» Directions for this task
Extract the lines from the first line of the records below through the line containing "AMH10-Inch Natural Slate", inclusive, and reproduce them exactly as written.

_____

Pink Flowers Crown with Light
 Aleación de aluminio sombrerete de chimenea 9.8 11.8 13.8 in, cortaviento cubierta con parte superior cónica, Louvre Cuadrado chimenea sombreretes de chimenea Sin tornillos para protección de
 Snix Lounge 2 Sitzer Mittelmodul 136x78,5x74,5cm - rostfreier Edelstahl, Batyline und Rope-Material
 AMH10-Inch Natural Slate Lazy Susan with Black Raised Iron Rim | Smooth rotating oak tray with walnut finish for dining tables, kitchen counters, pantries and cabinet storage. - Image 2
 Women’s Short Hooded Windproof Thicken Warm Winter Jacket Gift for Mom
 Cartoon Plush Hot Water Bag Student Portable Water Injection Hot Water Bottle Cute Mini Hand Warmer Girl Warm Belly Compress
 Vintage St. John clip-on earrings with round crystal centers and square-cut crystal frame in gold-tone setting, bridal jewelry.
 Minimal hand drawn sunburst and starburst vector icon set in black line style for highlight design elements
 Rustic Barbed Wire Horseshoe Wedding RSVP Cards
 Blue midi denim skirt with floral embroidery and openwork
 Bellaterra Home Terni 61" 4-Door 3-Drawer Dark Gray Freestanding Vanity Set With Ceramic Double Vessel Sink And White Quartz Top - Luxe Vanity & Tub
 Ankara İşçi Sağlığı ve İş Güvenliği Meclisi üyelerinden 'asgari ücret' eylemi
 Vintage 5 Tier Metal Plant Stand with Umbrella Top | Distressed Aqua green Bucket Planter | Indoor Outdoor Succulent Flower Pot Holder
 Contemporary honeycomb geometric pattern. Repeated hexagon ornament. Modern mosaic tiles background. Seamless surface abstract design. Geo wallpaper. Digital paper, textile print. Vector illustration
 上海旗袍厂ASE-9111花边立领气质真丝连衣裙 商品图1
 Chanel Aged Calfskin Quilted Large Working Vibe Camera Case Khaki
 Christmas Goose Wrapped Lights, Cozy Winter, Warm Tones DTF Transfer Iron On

_____

» Answer box
Pink Flowers Crown with Light
 Aleación de aluminio sombrerete de chimenea 9.8 11.8 13.8 in, cortaviento cubierta con parte superior cónica, Louvre Cuadrado chimenea sombreretes de chimenea Sin tornillos para protección de
 Snix Lounge 2 Sitzer Mittelmodul 136x78,5x74,5cm - rostfreier Edelstahl, Batyline und Rope-Material
 AMH10-Inch Natural Slate Lazy Susan with Black Raised Iron Rim | Smooth rotating oak tray with walnut finish for dining tables, kitchen counters, pantries and cabinet storage. - Image 2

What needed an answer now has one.